Unwilling to sell at current prices and hopeful that progress on trade talks with China will be a boost to the market, farmers have decided to hold on to their crop as long as they can.

“A lot of soybeans are going nowhere right now,” said Bob Zelenka, executive director of the Minnesota Grain and Feed Association.

Prices for soybeans fell on Memorial Day when President Donald Trump signaled his intent to launch a trade war and they haven’t recovered. Soybeans are Minnesota’s largest agricultural export by far, with $2.1 billion in exports in 2016, more than double the value of exported corn. U.S. farmers went into the harvest with their largest stockpile of soybeans in 12 years. A survey in September showed they were storing about 438 million bushels, 45 percent more than a year earlier.

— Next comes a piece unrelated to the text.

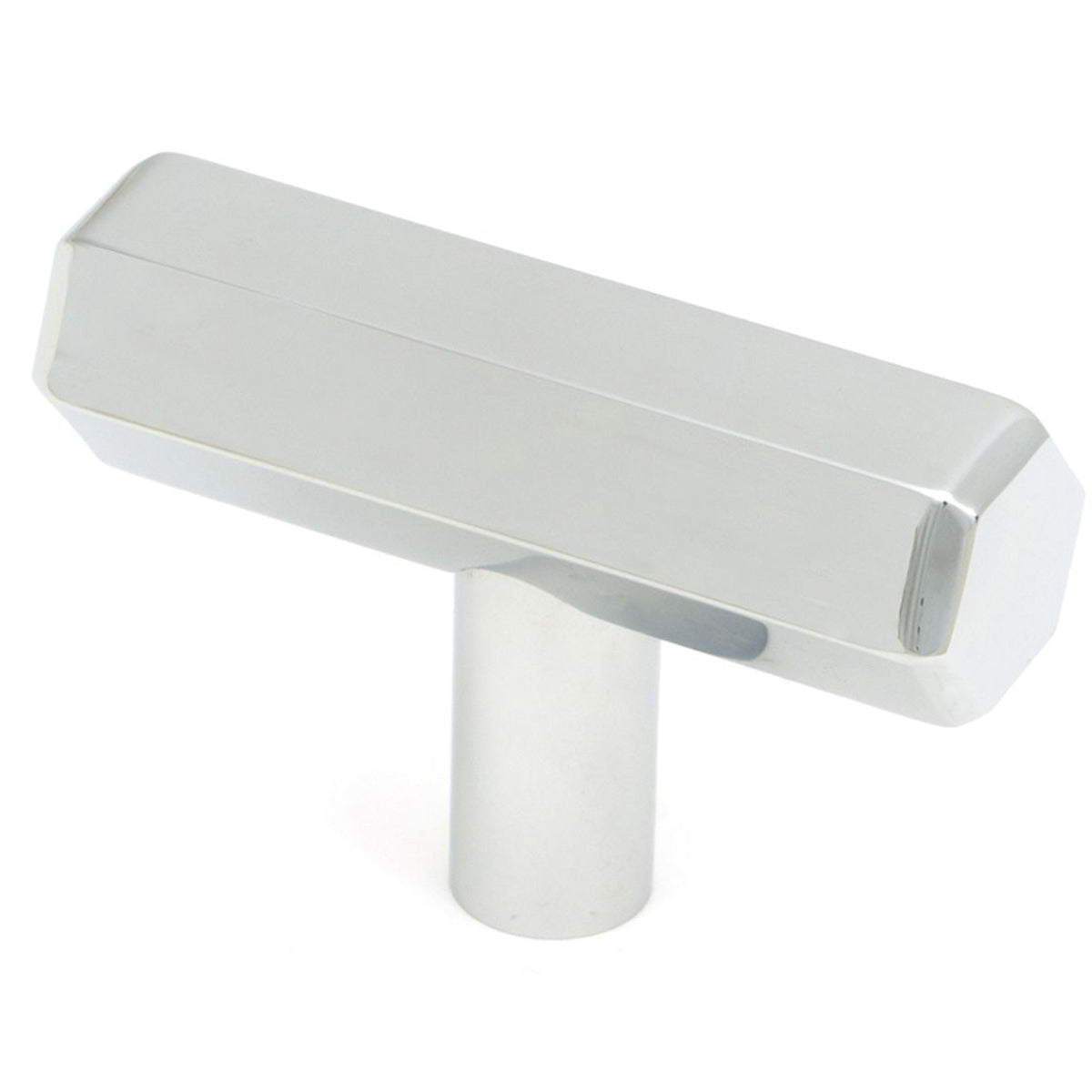 KAHLO T-BAR 10x50x32 PCP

Newer data isn’t yet available from the U.S. Department of Agriculture, but farmers and soybean shippers say farmers are storing far more beans than usual.

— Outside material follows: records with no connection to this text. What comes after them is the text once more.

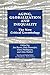 Aging, Globalization and Inequality by Jan Baars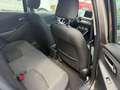 Mazda 2 Takumi Grau - thumbnail 10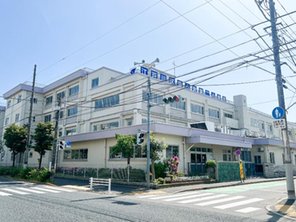 小学校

Tim Velde, a farmer in Hanley Falls, said he sold about 40 percent of his soybeans on the futures market earlier this year at slightly better than break-even prices. The remaining 60 percent are in storage, some at his farm and some at the local grain elevator.

“It’s at a point where I can’t afford to sell them, because I can’t take that much of a loss,” said Velde, who raises corn and soybeans.

Dennis Inman, vice president of grain at Central Farm Service, which runs grain elevators across south central Minnesota, including one just north of Randolph, said typically farmers sell soybeans after the harvest and store their corn.

That’s because soybeans are a higher-dollar crop — $9.10 per bushel compared to $3.72 per bushel for corn — and therefore help a farmer get financially prepared for the next year’s planting.

While soybean farmers are some of the key beneficiaries of the USDA’s assistance to farmers affected by the trade war, receiving 82 cents per bushel for their harvested crop so far, that hasn’t been enough to get farmers to sell.

“Normally, I sell a majority of my soybeans off the combine, and then I would wait for a corn rally,” said Bryan Klabunde, a farmer near Waubun, Minn. “I would probably be 75 to 85 percent sold on my soybeans right now.”

Instead, he’s holding on to half of his recently harvested soybeans.

Minnesota has about 600 million bushels worth of storage capacity at grain elevators and another 2 billion bushels on farms, where farmers have been building more and more bins over the past 20 years.

The state’s storage capacity has not been filled yet, in part because last year’s rainy spring and early summer kept corn yields down.

“We’ve got room to spare, we’ve got room to put away the crop, and that’s a good thing because the farmer has been reluctant to sell at current price levels,” said Inman, of Central Farm Service.

That storage capacity is a nice shock absorber for Minnesota farmers, but they can wait only so long to convert their beans into cash, since bankers need to see income before they can extend loans for 2019.

“Farmers need operating money. That’s the problem with storing,” said Thom Peterson, government relations director for the Minnesota Farmers Union. “The whole idea is you need to sell that to pay your bills, to pay your loans. That’s where a lot of farmers are going to run into problems.”

Klabunde, the farmer near Waubun, said time is running out as bankers seek payment on last year’s operating loans.

He added that a record Brazilian soybean crop is predicted, no trade deal with China is in sight and, even if it were, there’s little confidence that a deal would quickly lift soybean prices to a healthier level of around $10.50 a bushel.

“Everyone’s trying to hold on as long as they can,” Klabunde said. “But the financial institutions are going to have a lot to say about how long they can.”